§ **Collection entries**
========================

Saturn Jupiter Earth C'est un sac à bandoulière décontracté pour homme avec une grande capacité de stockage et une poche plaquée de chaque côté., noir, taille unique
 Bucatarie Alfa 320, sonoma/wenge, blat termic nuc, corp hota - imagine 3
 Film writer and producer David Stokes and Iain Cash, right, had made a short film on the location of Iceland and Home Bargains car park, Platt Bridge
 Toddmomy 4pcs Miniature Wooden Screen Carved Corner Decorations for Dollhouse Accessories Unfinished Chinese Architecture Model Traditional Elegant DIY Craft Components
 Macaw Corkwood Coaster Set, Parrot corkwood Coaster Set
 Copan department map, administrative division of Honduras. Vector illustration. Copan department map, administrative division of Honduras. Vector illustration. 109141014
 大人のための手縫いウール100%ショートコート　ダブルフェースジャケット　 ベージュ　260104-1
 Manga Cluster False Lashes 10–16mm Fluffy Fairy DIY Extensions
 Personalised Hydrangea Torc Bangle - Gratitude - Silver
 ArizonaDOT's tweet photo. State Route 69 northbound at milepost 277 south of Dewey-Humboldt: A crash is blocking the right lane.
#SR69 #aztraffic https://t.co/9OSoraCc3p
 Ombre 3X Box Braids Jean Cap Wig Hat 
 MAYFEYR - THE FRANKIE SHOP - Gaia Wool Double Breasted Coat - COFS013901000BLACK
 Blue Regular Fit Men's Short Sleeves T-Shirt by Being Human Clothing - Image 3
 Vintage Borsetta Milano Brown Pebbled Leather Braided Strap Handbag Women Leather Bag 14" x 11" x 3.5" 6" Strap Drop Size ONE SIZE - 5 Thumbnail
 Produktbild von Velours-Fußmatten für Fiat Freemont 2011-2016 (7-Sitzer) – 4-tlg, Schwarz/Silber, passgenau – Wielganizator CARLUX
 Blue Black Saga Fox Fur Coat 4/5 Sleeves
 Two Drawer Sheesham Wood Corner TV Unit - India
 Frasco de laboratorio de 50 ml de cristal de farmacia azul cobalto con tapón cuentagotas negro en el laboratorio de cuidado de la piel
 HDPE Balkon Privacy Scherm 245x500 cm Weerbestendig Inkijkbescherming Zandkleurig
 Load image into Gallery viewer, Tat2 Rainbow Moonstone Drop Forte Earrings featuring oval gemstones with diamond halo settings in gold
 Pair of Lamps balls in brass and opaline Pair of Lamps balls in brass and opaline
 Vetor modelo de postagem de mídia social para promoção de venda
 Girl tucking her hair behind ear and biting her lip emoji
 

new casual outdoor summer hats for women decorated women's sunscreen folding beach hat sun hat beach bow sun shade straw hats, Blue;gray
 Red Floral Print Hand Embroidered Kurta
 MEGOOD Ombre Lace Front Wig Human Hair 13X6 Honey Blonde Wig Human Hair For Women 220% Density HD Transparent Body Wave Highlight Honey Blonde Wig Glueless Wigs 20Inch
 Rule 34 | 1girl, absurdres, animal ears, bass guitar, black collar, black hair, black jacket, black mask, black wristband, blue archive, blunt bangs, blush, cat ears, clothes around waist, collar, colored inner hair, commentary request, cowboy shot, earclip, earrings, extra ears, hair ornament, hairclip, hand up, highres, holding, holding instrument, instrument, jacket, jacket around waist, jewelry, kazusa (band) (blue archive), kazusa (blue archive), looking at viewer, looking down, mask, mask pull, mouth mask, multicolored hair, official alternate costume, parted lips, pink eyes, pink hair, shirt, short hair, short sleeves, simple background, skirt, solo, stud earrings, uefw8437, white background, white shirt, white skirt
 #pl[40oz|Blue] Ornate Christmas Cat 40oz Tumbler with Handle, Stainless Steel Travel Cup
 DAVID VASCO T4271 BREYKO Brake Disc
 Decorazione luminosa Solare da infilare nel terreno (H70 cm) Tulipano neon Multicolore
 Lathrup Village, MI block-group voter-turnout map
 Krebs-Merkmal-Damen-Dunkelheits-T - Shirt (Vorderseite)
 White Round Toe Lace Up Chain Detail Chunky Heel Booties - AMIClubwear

========================

§ **Task objective**
Above are the entries; repeat their lines exactly, from the first through the one that contains "Macaw Corkwood Coaster".

§ **Your response**
Saturn Jupiter Earth C'est un sac à bandoulière décontracté pour homme avec une grande capacité de stockage et une poche plaquée de chaque côté., noir, taille unique
 Bucatarie Alfa 320, sonoma/wenge, blat termic nuc, corp hota - imagine 3
 Film writer and producer David Stokes and Iain Cash, right, had made a short film on the location of Iceland and Home Bargains car park, Platt Bridge
 Toddmomy 4pcs Miniature Wooden Screen Carved Corner Decorations for Dollhouse Accessories Unfinished Chinese Architecture Model Traditional Elegant DIY Craft Components
 Macaw Corkwood Coaster Set, Parrot corkwood Coaster Set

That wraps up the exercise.